Thirteen full case reports or case series articles were selected for this review. In total, 17 clinical cases were found. Of the 17 cases, only 8 were in patients who had received treatment with Dmab for osteoporosis or osteopenia (47.0%) The majority of cases of ONJ occurred in the posterior mandibular area and only one of them in the posterior maxillary area. Previous treatment with BPs was the most frequent (in 6 of the 8 patients). One patient had received 3 different types of BPs (alendronate and risedronate for 6 years and zoledronate for 1 year). The second most frequent risk factor found was dental extractions (4 of the 8 cases). Of the 8 cases, in 4 of them the received treatment was not exposed. Of the remaining 4, only one of them required surgery and the rest remitted the lesions after conservative treatment.
In the present study we have analyzed the risk of ONJ in patients that use Dmab for the treatment of osteoporosis. For the purpose of the present systematic literature review, we decided to include descriptive studies and case series and qualitative research studies.
We finally included a total of 2 studies. The quality of most of them was low.
ONJ has been observed in patients receiving denosumab at much higher doses than those prescribed for osteoporosis, typically as an antimetastatic agent for cancer ; however, it also has been reported in those receiving the normal doses for osteoporosis .
Some systemic factors such as previous treatment with BPs or dental extractions are associated with the development of osteonecrosis of the jaws in patients treated with denosumab (level of evidence 3) .
The incidence of ONJ in the FREEDOM trial extension was low (0.18 %), with most (six of eight) cases occurring after at least 4 years of exposure . Dmab studies suggested that ONJ may be more likely to develop when Dmab is given to patients with risk factors such as dental extraction, poor oral hygiene, use of removable dental appliances, or chemotherapy .
The authors of the review found ONJ cases in seven trials in which Dmab was administered as an antimetastatic agent. These trials enrolled a total of 5072 patients who received 120 mg of Dmab subcutaneously every 4 weeks or every 6 months, and ONJ was reported in 96 of them. Therefore, the incidence of ONJ was low, ranging from 0 to 2% over 13 to 21.4 months of treatment.

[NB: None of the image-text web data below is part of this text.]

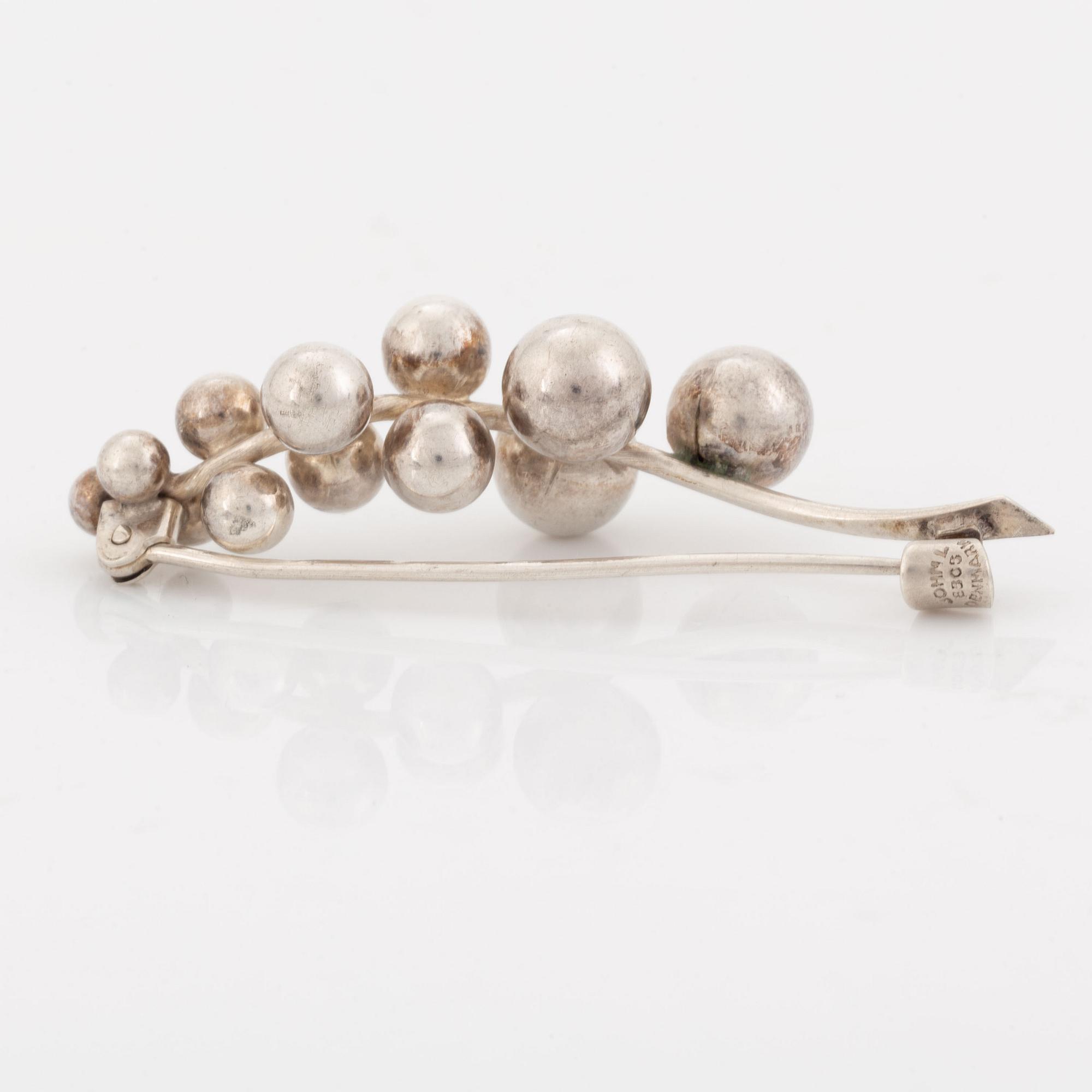 John L Denmark, brooch, silver.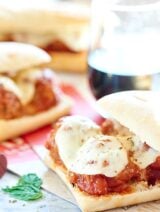 This Crockpot Meatball Sub Sandwich is made with a french baguette, an easy spaghetti sauce, juicy slow cooker meatballs, and fresh mozzarella cheese! showmetheyummy.com #meatball #crockpot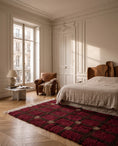 Load image into Gallery viewer, Brown, Taupe and Burgundy grid wool rug in a furnished room
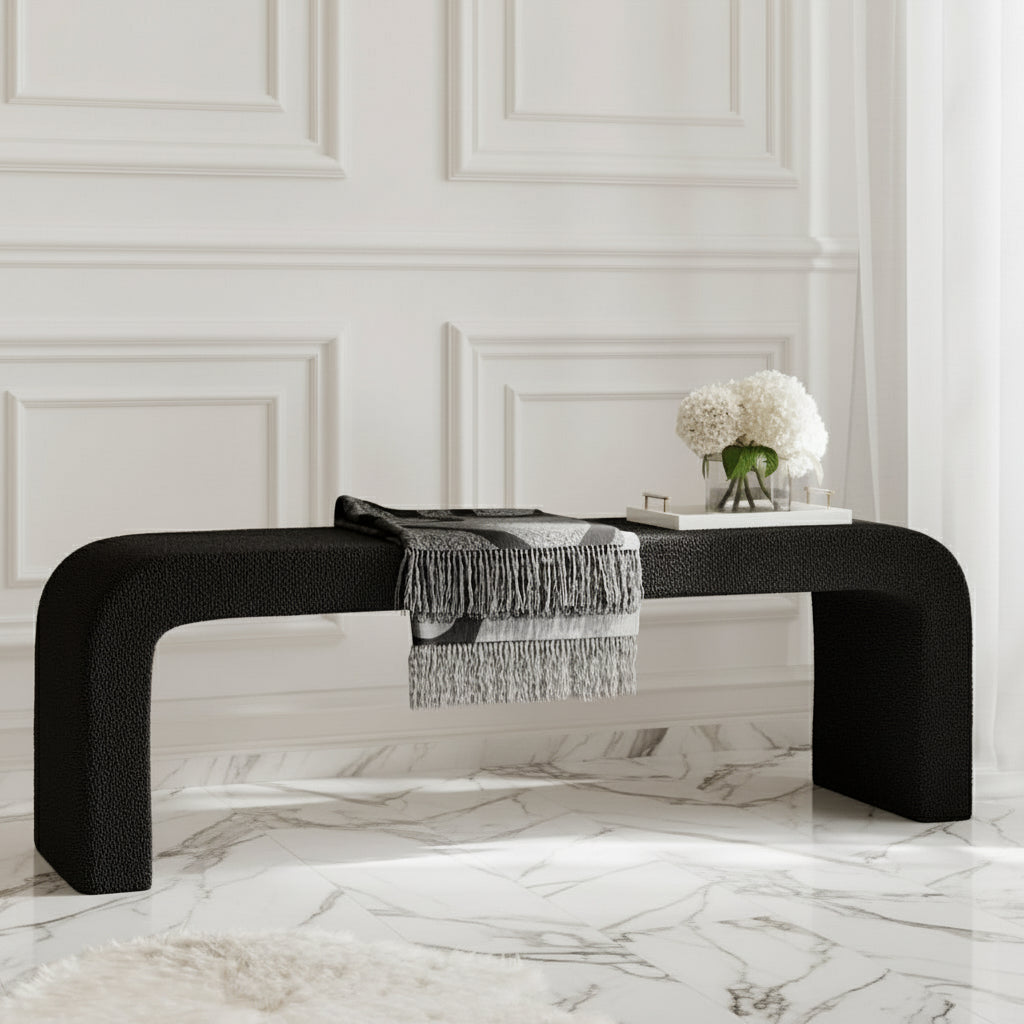 Black modern bench with a textured surface in a room with white paneled walls and marble flooring. Harry Christian Home Moderno Bench In Black. Harry Christian Home Benches. 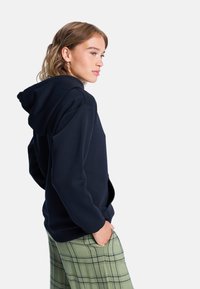 Sweat-shirt à capuche bleu marine en tissu doux. Présente une coupe décontractée et une poche kangourou. Associé à un pantalon à carreaux vert clair.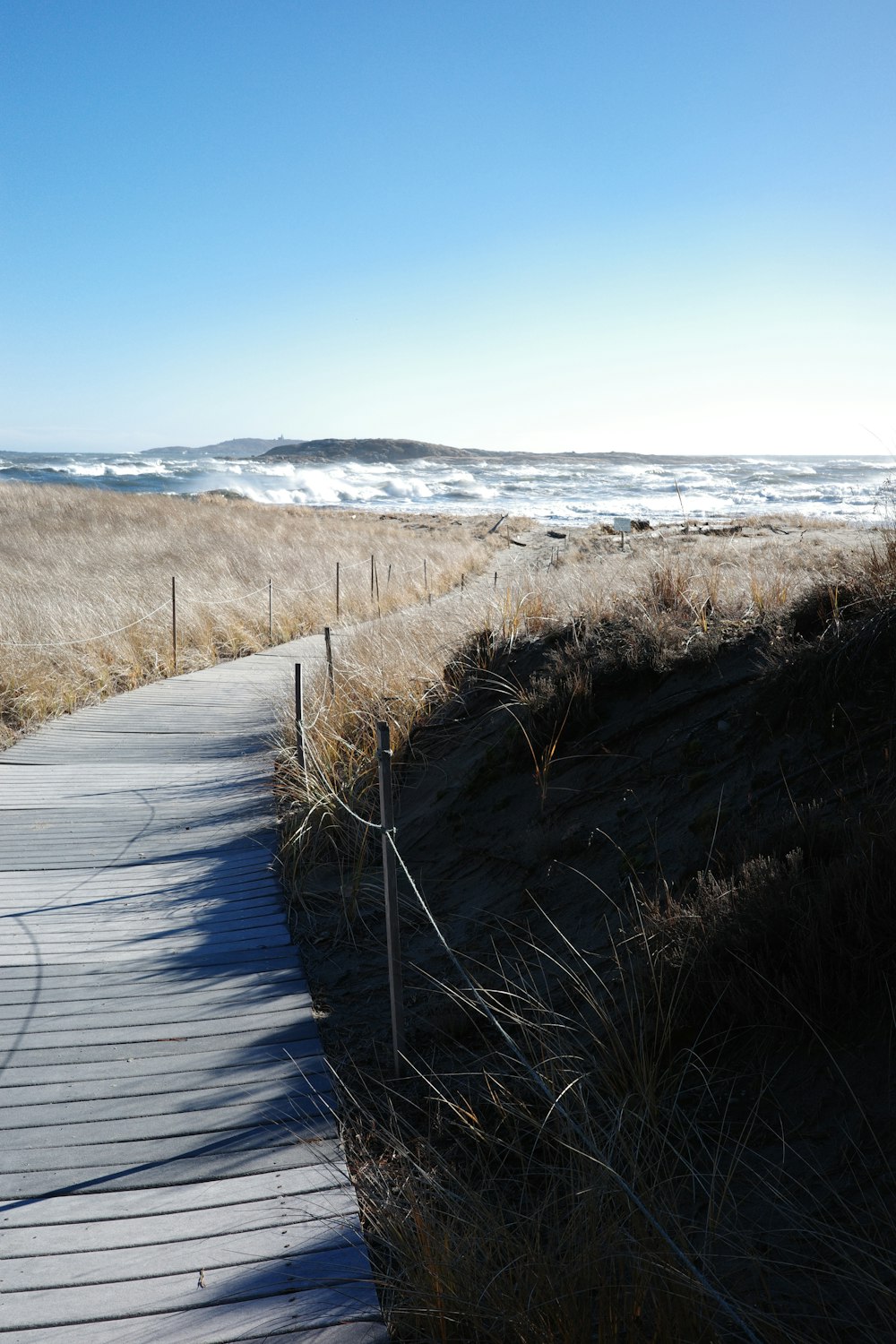 a wooden walkway leading to the beach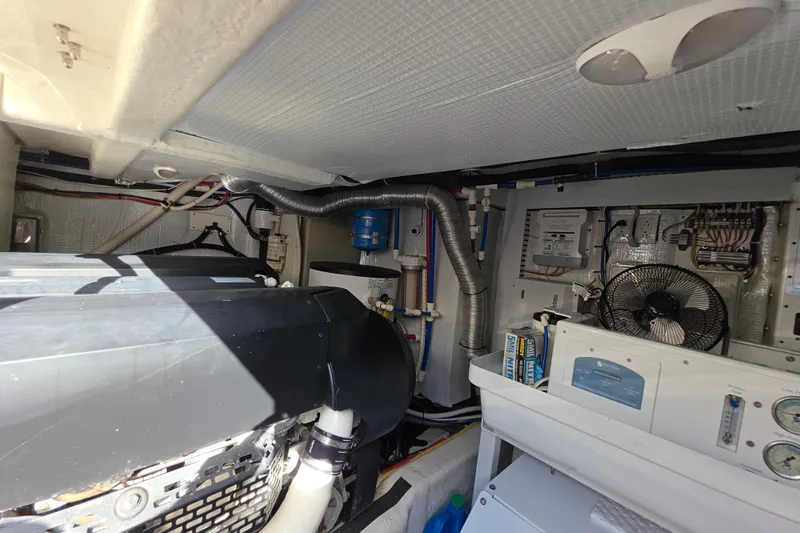 Vertical Yacht Photos Pics Engine room of 2017 Sabre 48 Salon Express with mechanical components and wiring.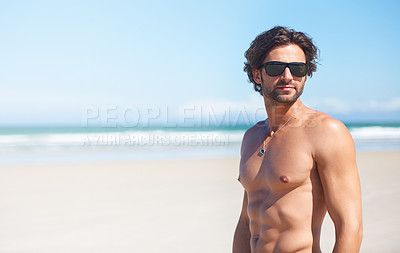 Buy stock photo Summer, space and the body of a man on the beach for travel, relax or adventure on vacation. Sand, sunglasses and a young person shirtless by the ocean or sea on a tropical coast for holiday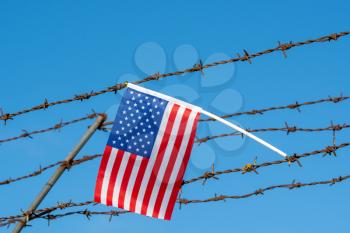 American flag on barbed wire fence. Borders protection,social issues on refugees or illegal immigrants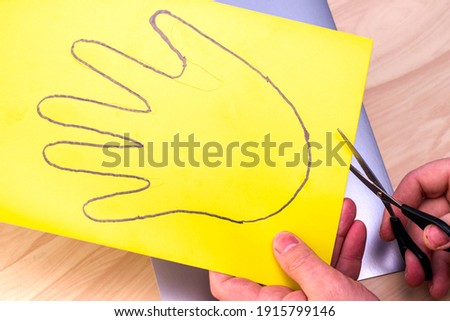 making the simplest Easter bunny with your own hands man with scissors cut out the circled hand on yellow paper. High quality photo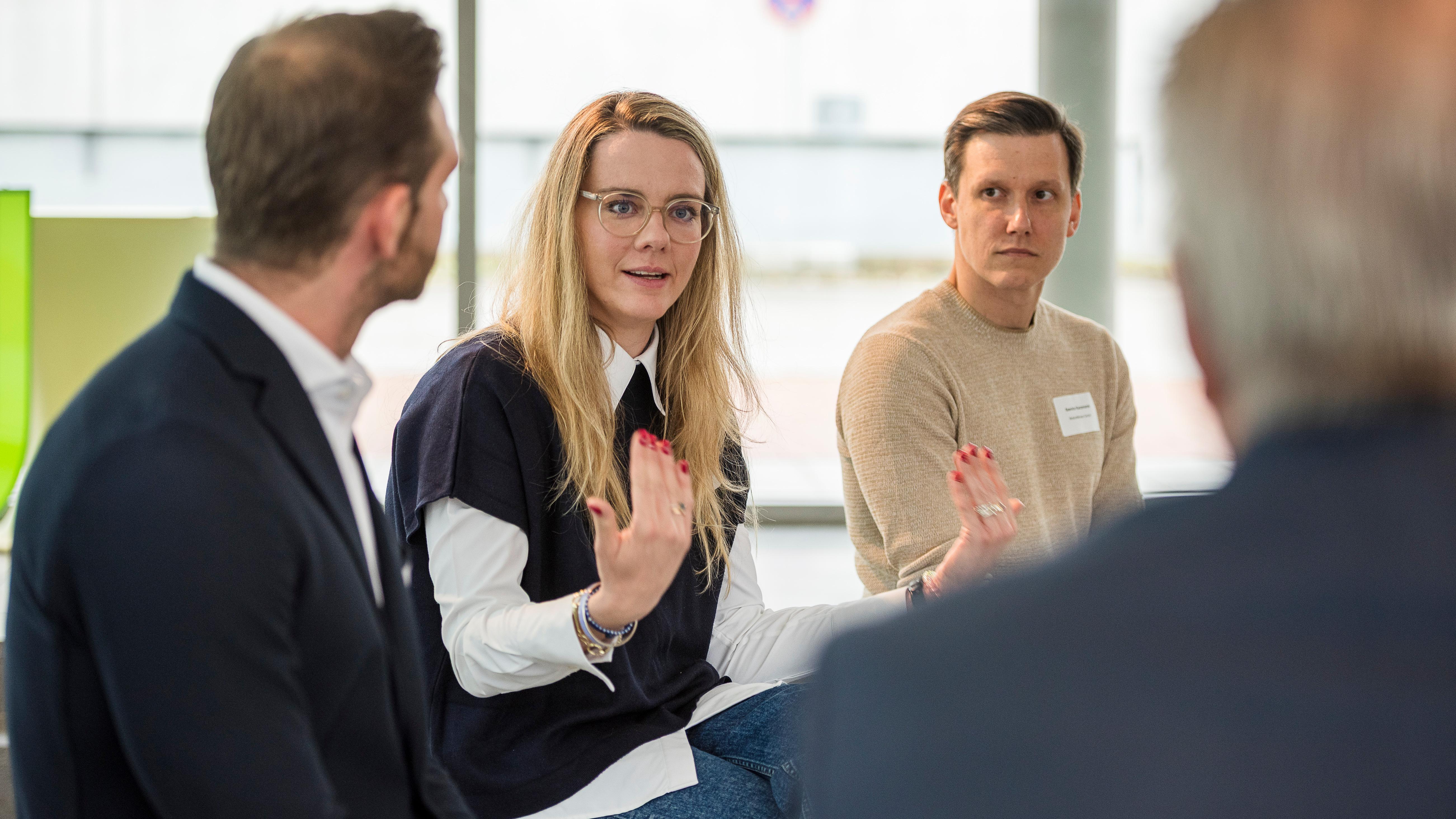 Diskussionsrunde beim Jahrestreffen der Unipreneurs. Zu sehen sind 3 Personen. Eine blonde Frau in der Mitte zwischen zwei Männern
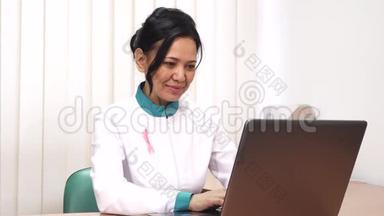 在笔记本电脑上工作的女治疗师用粉色丝带固定在她的外套上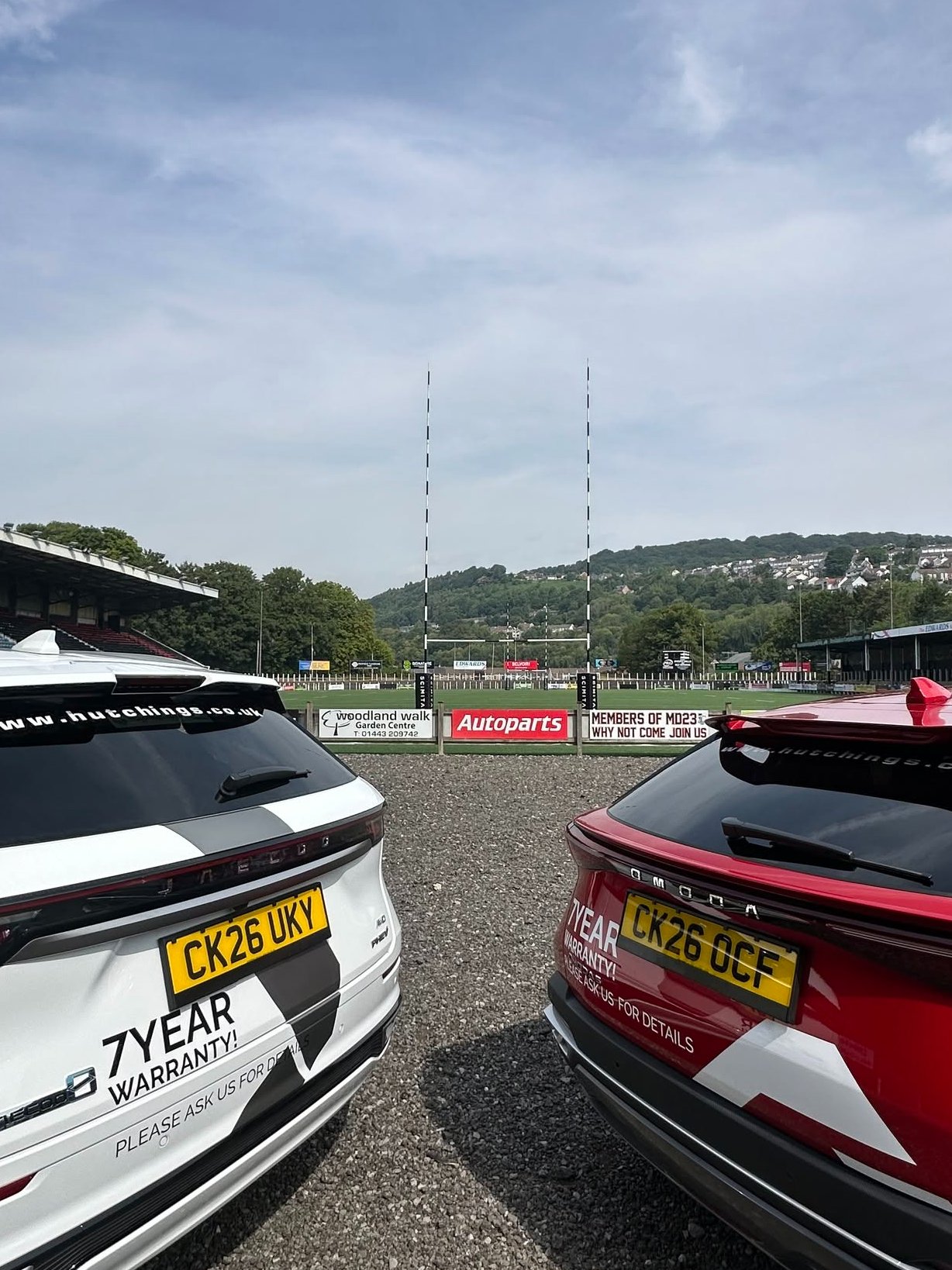 Two modern cars parked with a rugby pitch and goalposts in the background.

Several medical associations have published recommendations to reduce the risk of this complication. In general, the guidelines include in their proposals a correct dental hygiene and revision by a dentist if poor dental health is objectified. If an invasive odontological procedure is planned -exodontia or implant- it is advisable to postpone the start of treatment until the surgical wound is completely healed.
There is some controversy about the attitude to be followed in patients who are already taking Dmab. Most guidelines advise non-oncological patients not to suspend the treatment. In a recent consensus document, in patients who are going to undergo extensive oral surgery and associated risk factors (diabetes, periodontal disease, immunodeficiencies, smoking), clinical judgment may advise temporarily suspending treatment. In this situation, unnecessary prolongation of the suspension should be avoided, especially in patients treated with Dmab. In case of a relevant adverse event such as osteonecrosis of the jaws, and although there is no scientific evidence to show that the withdrawal of the drug will improve the evolution of the process, the same document considers it prudent to suspend it and assess the indication of drugs with different mechanism of action .
In conclusion, not enough studies have been found that have evaluated the role of Dmab in the development of osteonecrosis (ONJ) of the jaws. Some systemic factors that have been associated with the development of ONJ are described in patients treated with Dmab, such as previous treatment with BPs or tooth extractions.